** Problem to solve **
Pictures are not part of the copy; retype all the records below exactly.

** Material for this task **
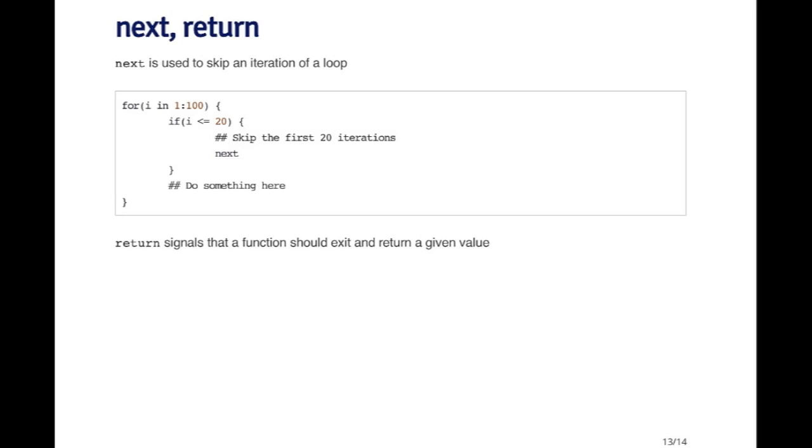So here I've got a very simple if condition. If i is less than or equal to 20, I'm just going to skip. I use the next expression and it'll skip everything else in the for loop and iterate again. So once i gets beyond 20, then of course the expression i less than or equal to 20 will be false. And so it won't execute the next, it'll go into whatever the body of the code for the for loop is.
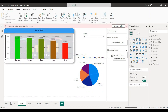Hi guys, welcome to Convitech channel. We are going to talk about the Power BI services related to the previous video. We are going to explain the description of this video, covering Power BI services and training.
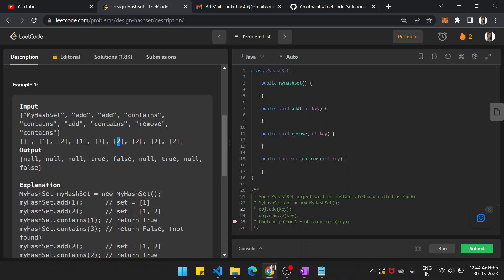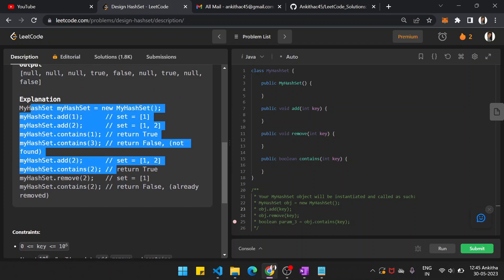Then you add 2 again, but it's already present, so we need not do anything. Then contains(2) — two is already present, so you return true. Then you remove 2, making that entry null. And then contains(2) — since you have removed 2, it is false now. They have explained it here properly.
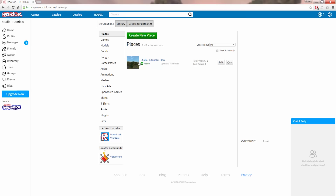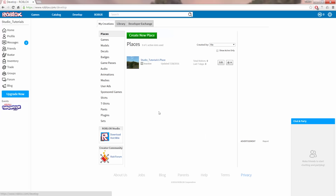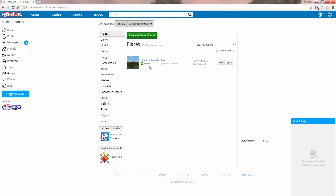Next to each place in your list of places is a button you can toggle to make your place active. If you want your place to be playable from the website, make sure that you click on this button so the place displays as active.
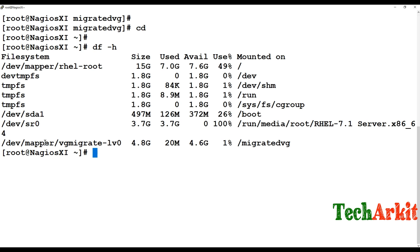The VG has been migrated from one server to another server successfully without any issues. That's how you can migrate an LVM from one server to another server without losing your data. Thanks for watching — stay tuned, please subscribe to the channel for more upcoming videos and courses.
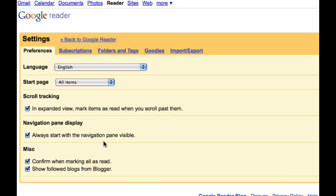But when you do, it means that you can go back through them. So I'll explain what that's all about. Always start with the navigation pane visible. Yes. And confirm when marking all as read. You definitely want to do that. And show followed blogs from blogger. That's neither here nor there. Up to you.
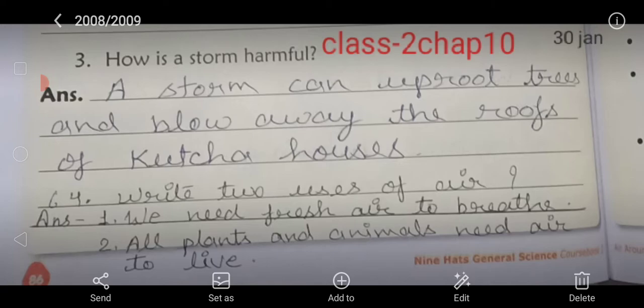A storm can uproot trees and blow away the roofs of kacha houses. Okay, a storm can uproot trees and blow away the roofs of kacha houses. Learn it.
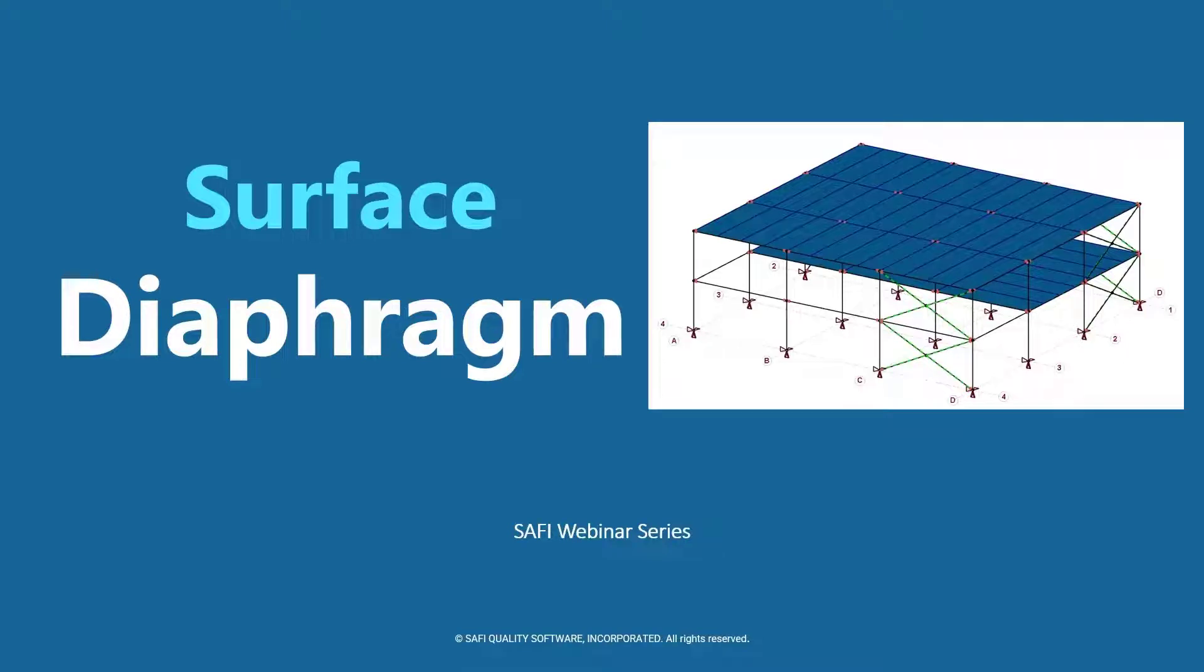Hi everyone, and welcome to another video of the SAFI webinar series. In this video, we are going to have an overview of diaphragms.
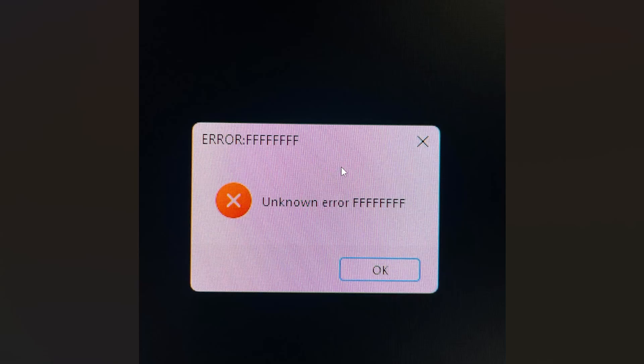If you get this error in Red Dead Redemption 2 and the error looks like this, you should see Unknown Error FFF. Now I will guide you on how to resolve this problem.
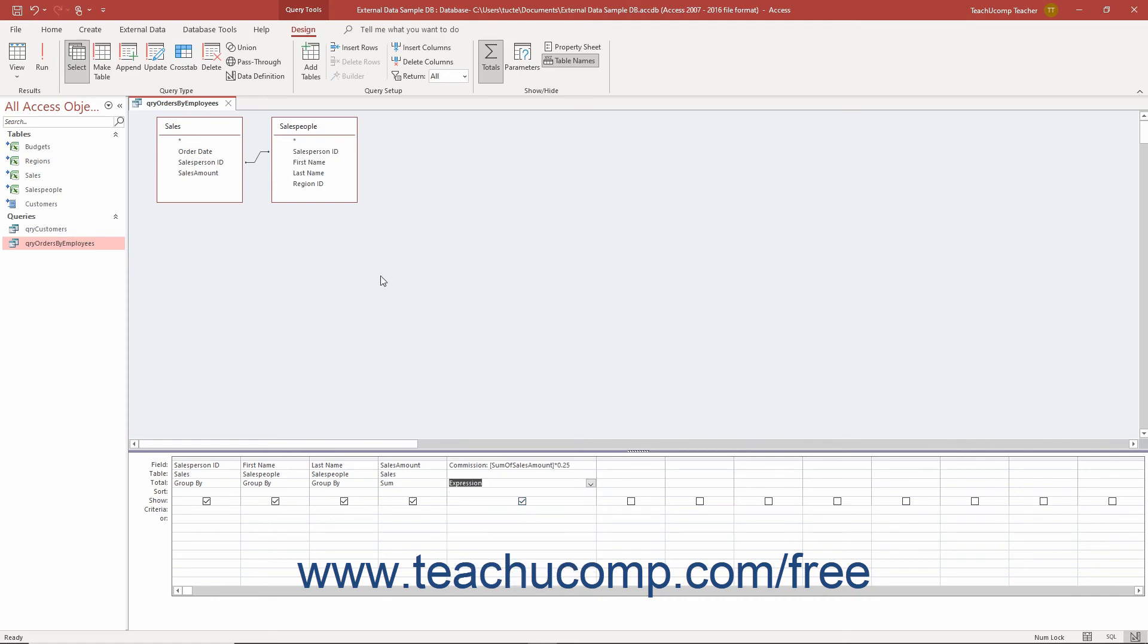Note that it also includes a where choice which you can choose for fields you must add to the QBE grid for criteria purposes but which you do not want to show in the query results or include as part of the grouping or aggregate function calculations.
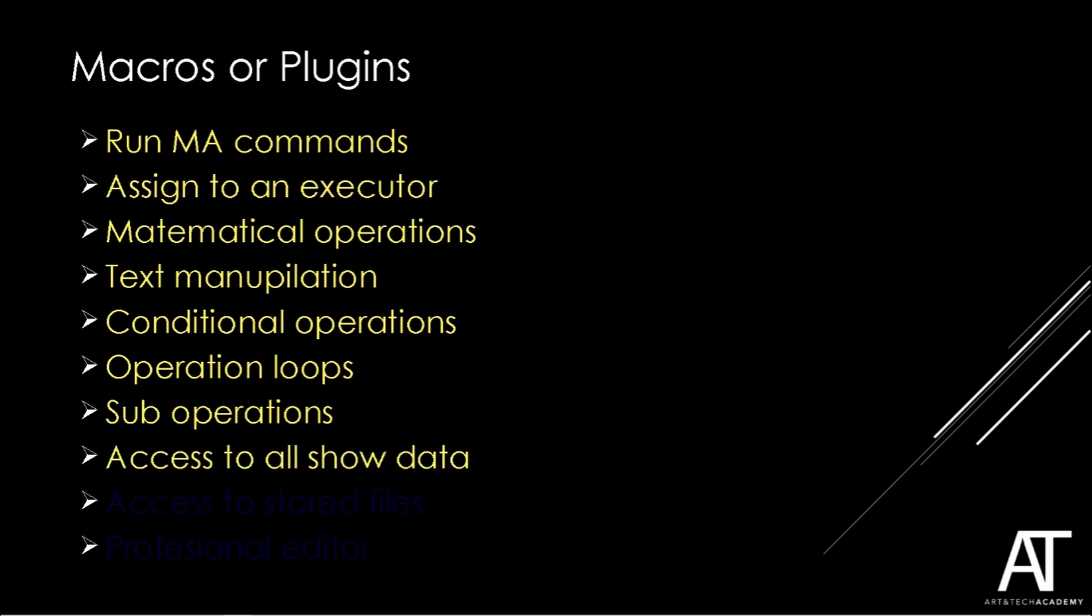However, one of the most important advantages of using plugins is that you have access to all the show data like queues, effects, or patch. Using plugins we even can access and edit all the stored files so that we will have a complete control throughout our show.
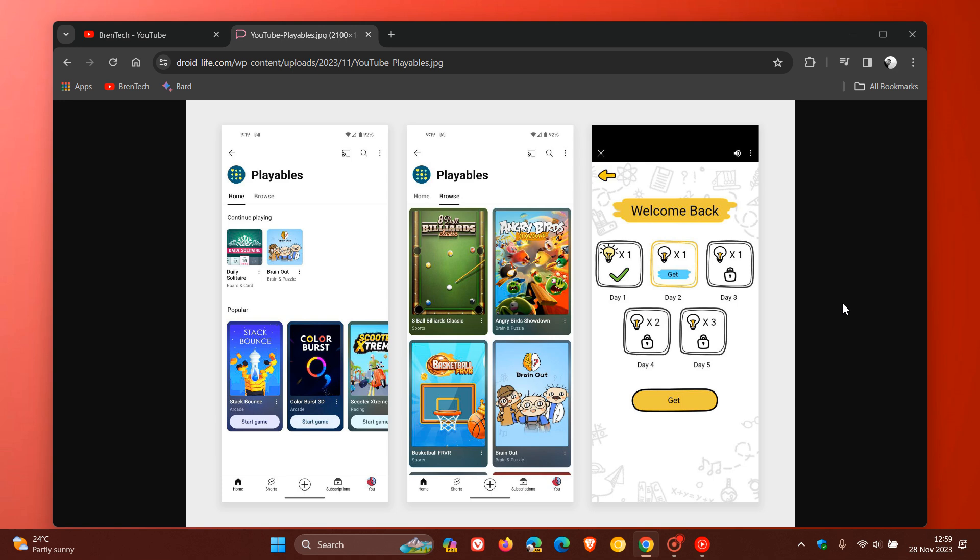Now at this stage, there's not a lot of games that are available. Apparently there are approximately 37 games, so not too many rolling out currently. And these include, just to mention some of these games, Angry Birds Showdown, Basketball FRVR, Daily Solitaire, Brain Out, The Daily Crossword, 8-Ball Billiards Classic, and that's just to mention a couple of the titles. So as you can see, it's mostly arcade games and puzzle games which aren't really large in size. They're just online streaming games called Playables that you can play directly in YouTube.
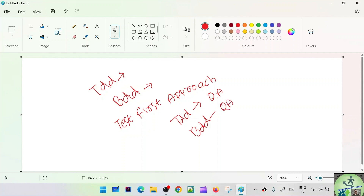In the BDD style of test script development, non-technical people like product owners and business analysts can also understand which features are getting automated. BDD bridges the gap between the technical team and the non-technical team. A non-technical person who doesn't understand coding can simply open the feature file and see: this feature is automated, this feature is automated — they can go through the feature file and know exactly what scenarios are being covered.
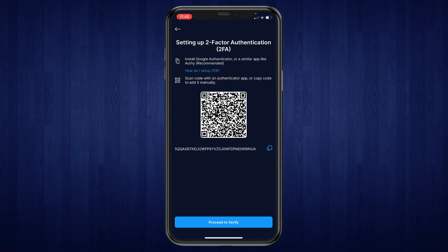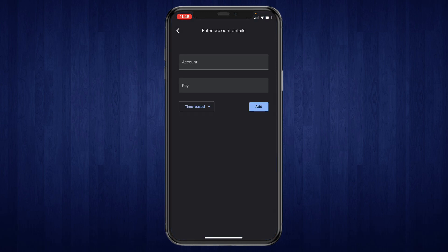There are a few steps. First, install Google Authenticator or a similar app — in this case we will use Google Authenticator. Then you need to scan the code with an authenticator app, or copy the code to add it in manually. Go ahead and copy the code.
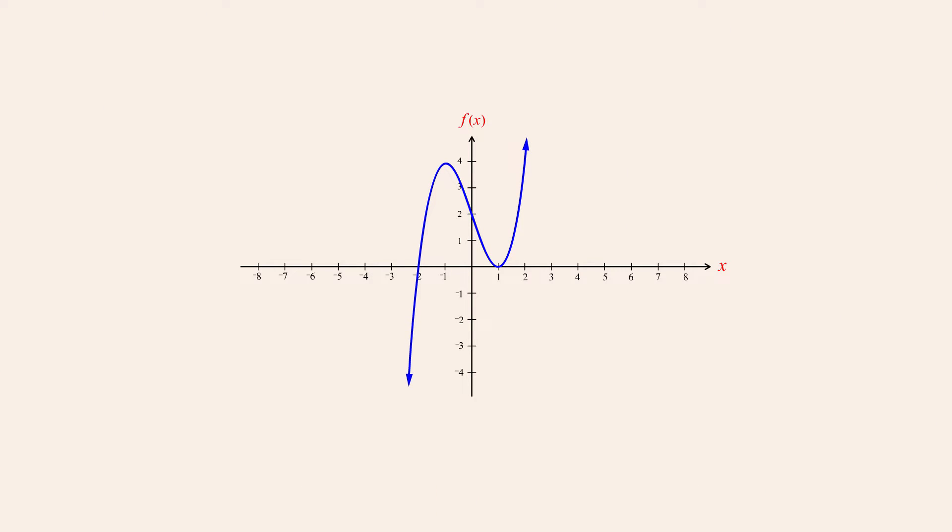The graphs of all polynomial functions have certain similar characteristics. For instance, the graphs of polynomials are continuous. This means that their graphs have no breaks or jumps, so the line of the graph is uninterrupted. A simple way of thinking of a continuous graph is that it can be drawn in a single stroke without lifting your pen off the paper.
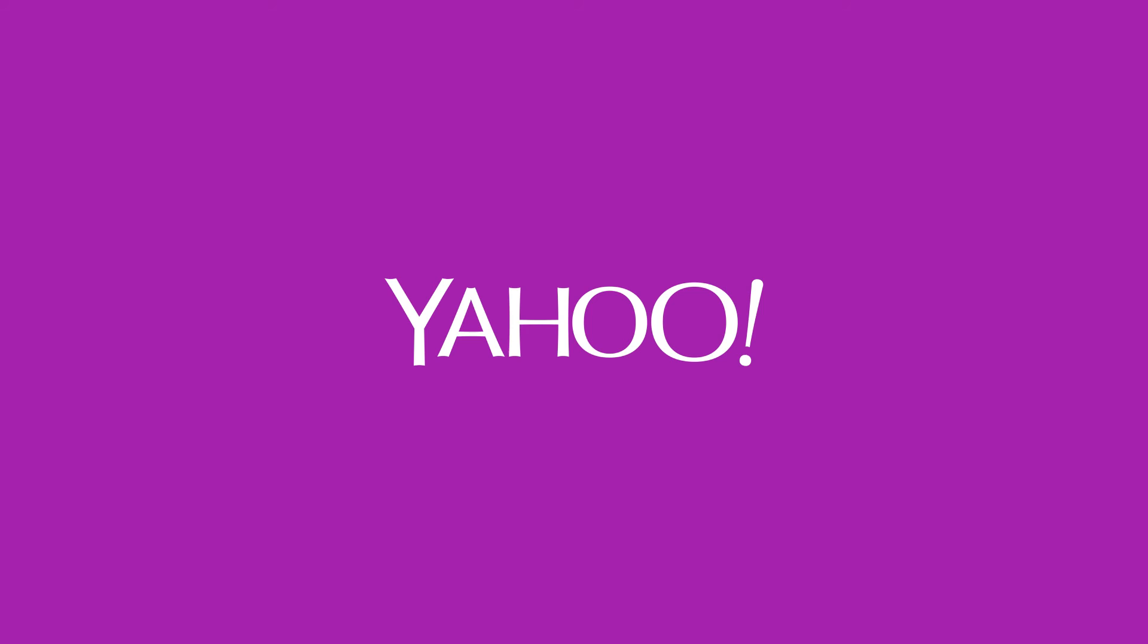Moral: If you saw a problem and you created a solution of that problem, your solution could be a service to the world.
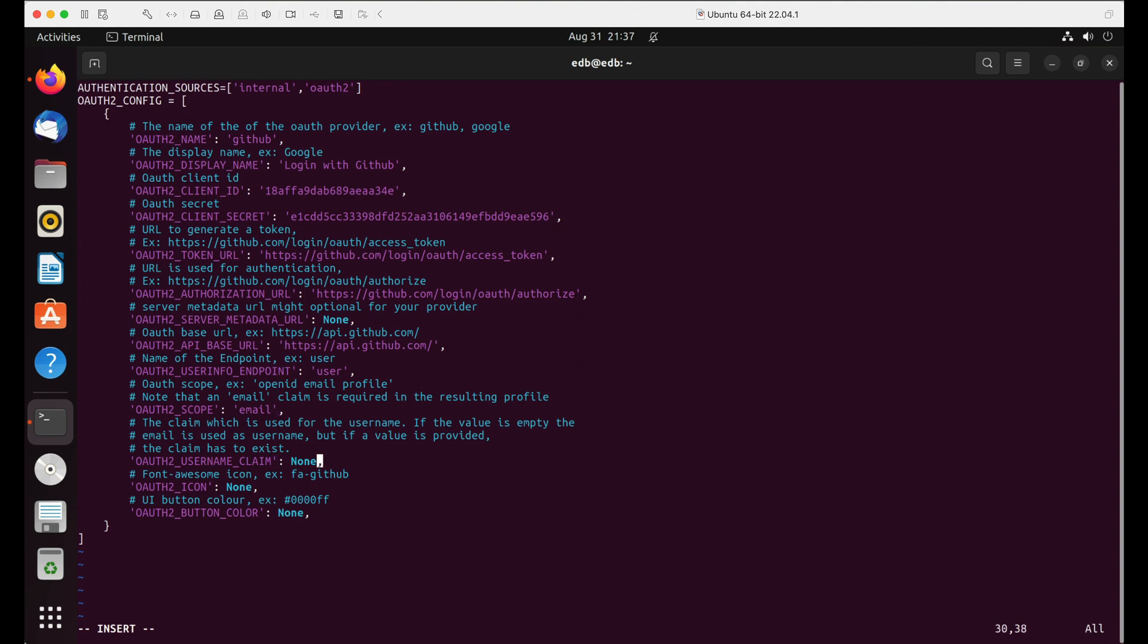OAuth2_username_claim is the claim which is used for username. By default it takes email if we set it to none. Let's set OAuth2_icon to the GitHub icon. You can set OAuth2_button_color.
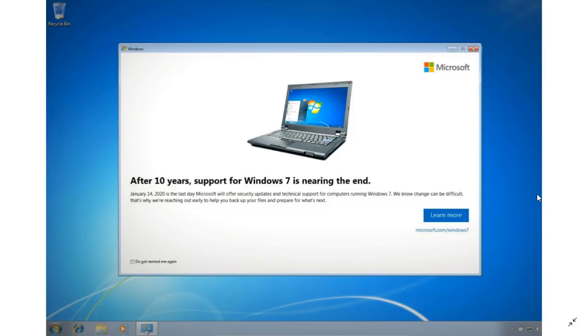Microsoft has decided to start displaying this message on your Windows 7 screen to tell you that support for Windows 7 is nearing the end after 10 years. It explains exactly what's going to happen and that the last day of security updates will be January 14, 2020.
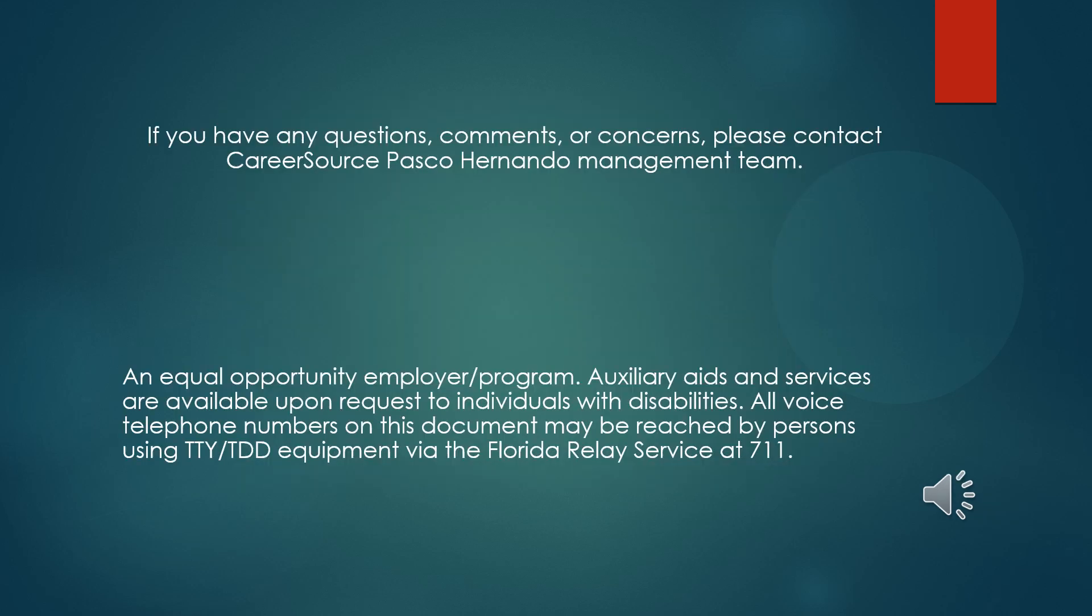This concludes our session. We hope that you have found added knowledge about this topic. If you have any further questions, feel free to contact a member of management or one of our staff. Thank you and have a great day.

** Solution to the problem **
So here I've got a very simple if condition. If i is less than or equal to 20, I'm just going to skip. I use the next expression and it'll skip everything else in the for loop and iterate again. So once i gets beyond 20, then of course the expression i less than or equal to 20 will be false. And so it won't execute the next, it'll go into whatever the body of the code for the for loop is.
Hi guys, welcome to Convitech channel. We are going to talk about the Power BI services related to the previous video. We are going to explain the description of this video, covering Power BI services and training.
Then you add 2 again, but it's already present, so we need not do anything. Then contains(2) — two is already present, so you return true. Then you remove 2, making that entry null. And then contains(2) — since you have removed 2, it is false now. They have explained it here properly.
Next to each place in your list of places is a button you can toggle to make your place active. If you want your place to be playable from the website, make sure that you click on this button so the place displays as active.
The VG has been migrated from one server to another server successfully without any issues. That's how you can migrate an LVM from one server to another server without losing your data. Thanks for watching — stay tuned, please subscribe to the channel for more upcoming videos and courses.
But when you do, it means that you can go back through them. So I'll explain what that's all about. Always start with the navigation pane visible. Yes. And confirm when marking all as read. You definitely want to do that. And show followed blogs from blogger. That's neither here nor there. Up to you.
A storm can uproot trees and blow away the roofs of kacha houses. Okay, a storm can uproot trees and blow away the roofs of kacha houses. Learn it.
Hi everyone, and welcome to another video of the SAFI webinar series. In this video, we are going to have an overview of diaphragms.
If you get this error in Red Dead Redemption 2 and the error looks like this, you should see Unknown Error FFF. Now I will guide you on how to resolve this problem.
Note that it also includes a where choice which you can choose for fields you must add to the QBE grid for criteria purposes but which you do not want to show in the query results or include as part of the grouping or aggregate function calculations.
However, one of the most important advantages of using plugins is that you have access to all the show data like queues, effects, or patch. Using plugins we even can access and edit all the stored files so that we will have a complete control throughout our show.
Now at this stage, there's not a lot of games that are available. Apparently there are approximately 37 games, so not too many rolling out currently. And these include, just to mention some of these games, Angry Birds Showdown, Basketball FRVR, Daily Solitaire, Brain Out, The Daily Crossword, 8-Ball Billiards Classic, and that's just to mention a couple of the titles. So as you can see, it's mostly arcade games and puzzle games which aren't really large in size. They're just online streaming games called Playables that you can play directly in YouTube.
In the BDD style of test script development, non-technical people like product owners and business analysts can also understand which features are getting automated. BDD bridges the gap between the technical team and the non-technical team. A non-technical person who doesn't understand coding can simply open the feature file and see: this feature is automated, this feature is automated — they can go through the feature file and know exactly what scenarios are being covered.
There are a few steps. First, install Google Authenticator or a similar app — in this case we will use Google Authenticator. Then you need to scan the code with an authenticator app, or copy the code to add it in manually. Go ahead and copy the code.
The graphs of all polynomial functions have certain similar characteristics. For instance, the graphs of polynomials are continuous. This means that their graphs have no breaks or jumps, so the line of the graph is uninterrupted. A simple way of thinking of a continuous graph is that it can be drawn in a single stroke without lifting your pen off the paper.
Moral: If you saw a problem and you created a solution of that problem, your solution could be a service to the world.
OAuth2_username_claim is the claim which is used for username. By default it takes email if we set it to none. Let's set OAuth2_icon to the GitHub icon. You can set OAuth2_button_color.
Microsoft has decided to start displaying this message on your Windows 7 screen to tell you that support for Windows 7 is nearing the end after 10 years. It explains exactly what's going to happen and that the last day of security updates will be January 14, 2020.
This concludes our session. We hope that you have found added knowledge about this topic. If you have any further questions, feel free to contact a member of management or one of our staff. Thank you and have a great day.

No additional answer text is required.